* Source material:
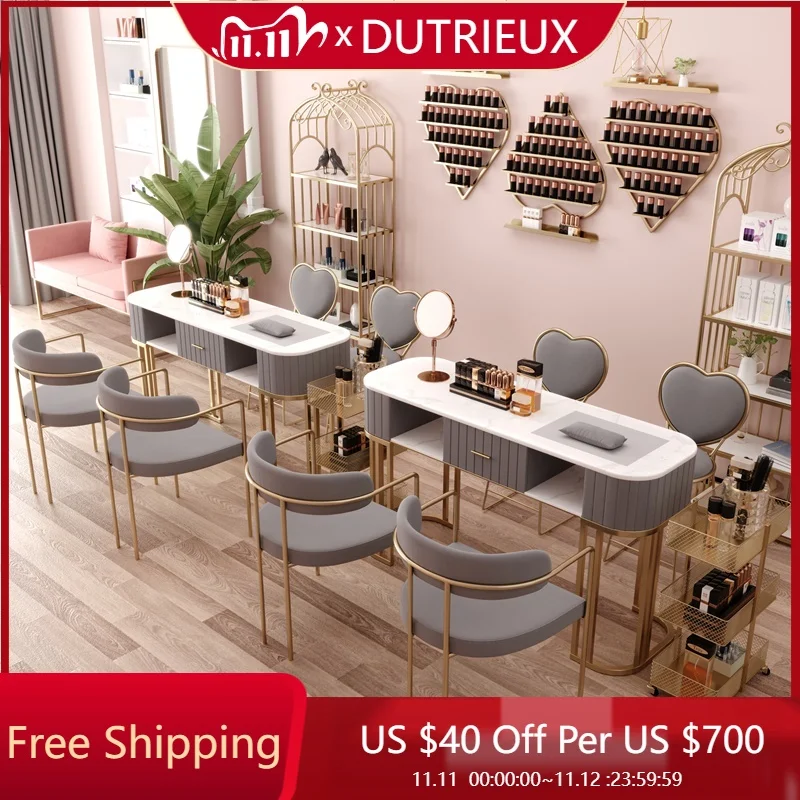 

Salon Easy Clean Manicure Table Square Designer Light Luxury Nordic Nail Desk Designer Cheap Nageltisch Nails Salon Furniture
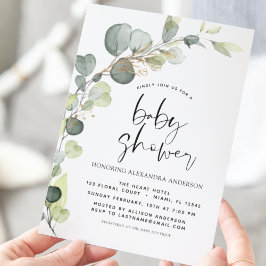 Begroting Baby shower Greenery Eucalyptus Invitati Flyer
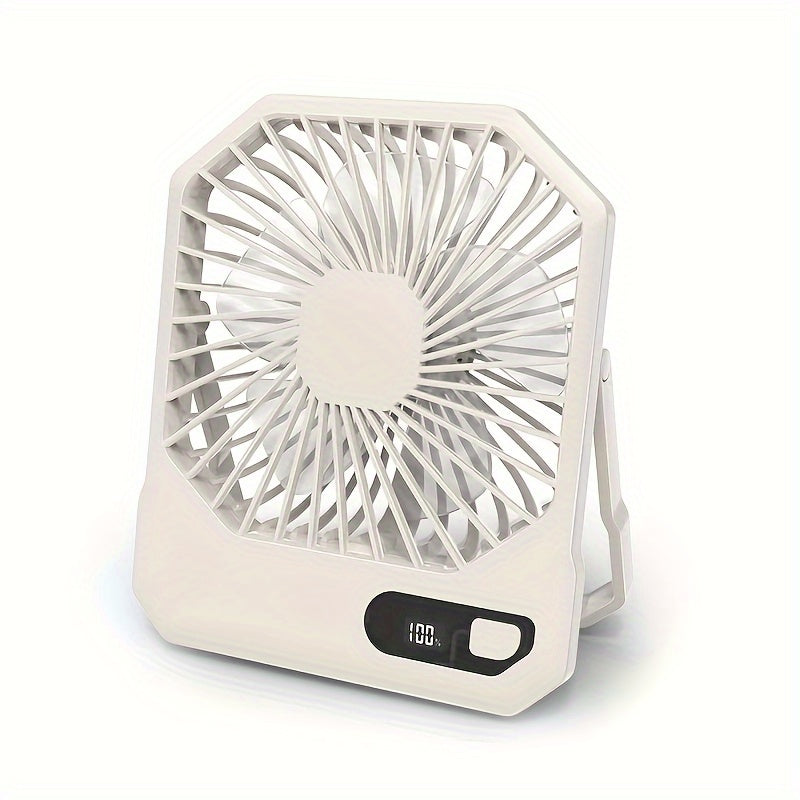 Portable USB Desktop Fan 6-Inch 3-Speed with Digital Display and Rechargeable Battery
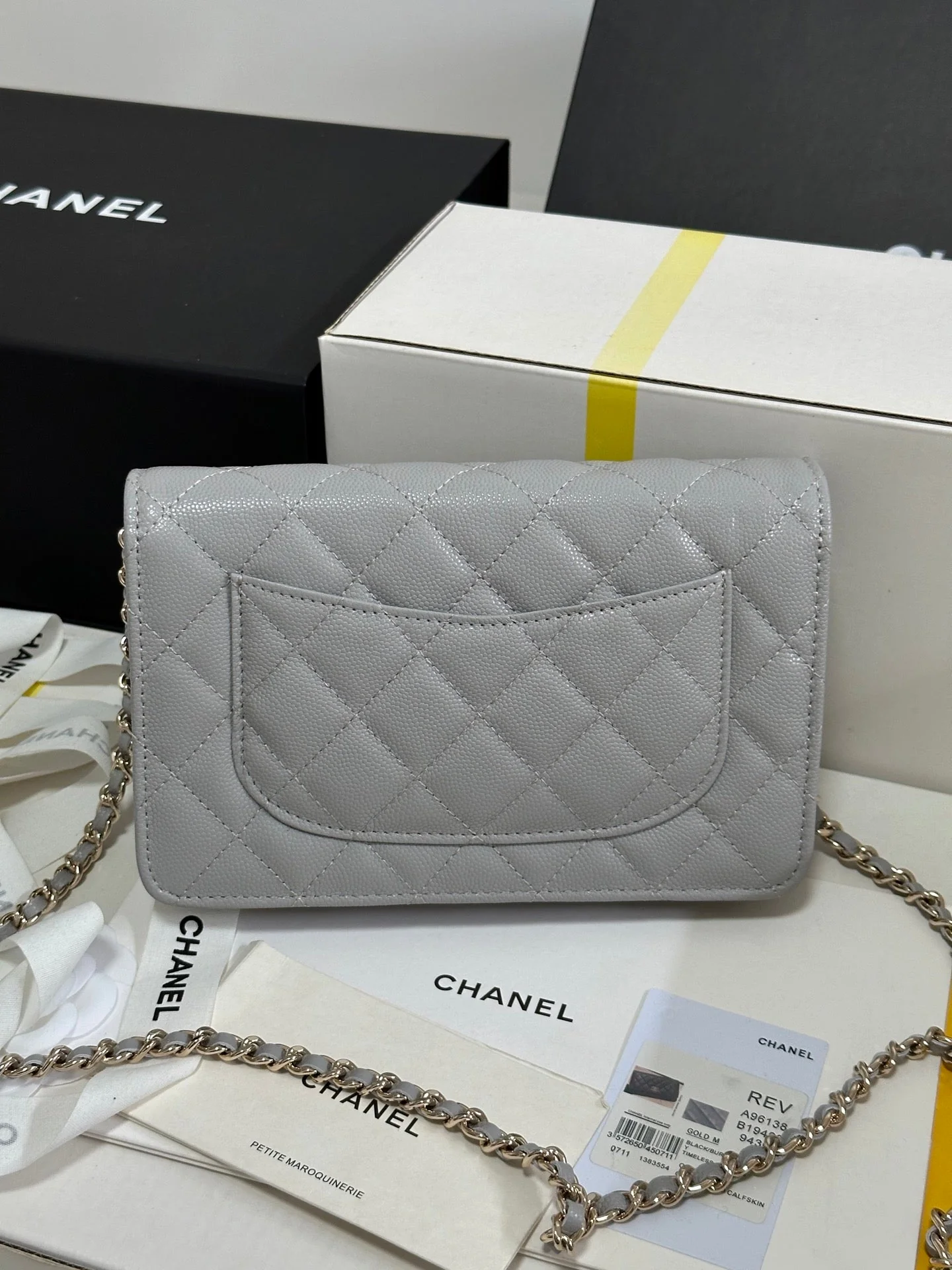 STRASS WOC ENTRUPY BAG 19 IN SPANISH GREY CALFSKIN GOLD HARDWARE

* What is required: Restate exactly the lines that start at the "Portable USB Desktop" line and end with the last line of the material above, leaving out the pictures.

* Task solution:
 Portable USB Desktop Fan 6-Inch 3-Speed with Digital Display and Rechargeable Battery
 STRASS WOC ENTRUPY BAG 19 IN SPANISH GREY CALFSKIN GOLD HARDWARE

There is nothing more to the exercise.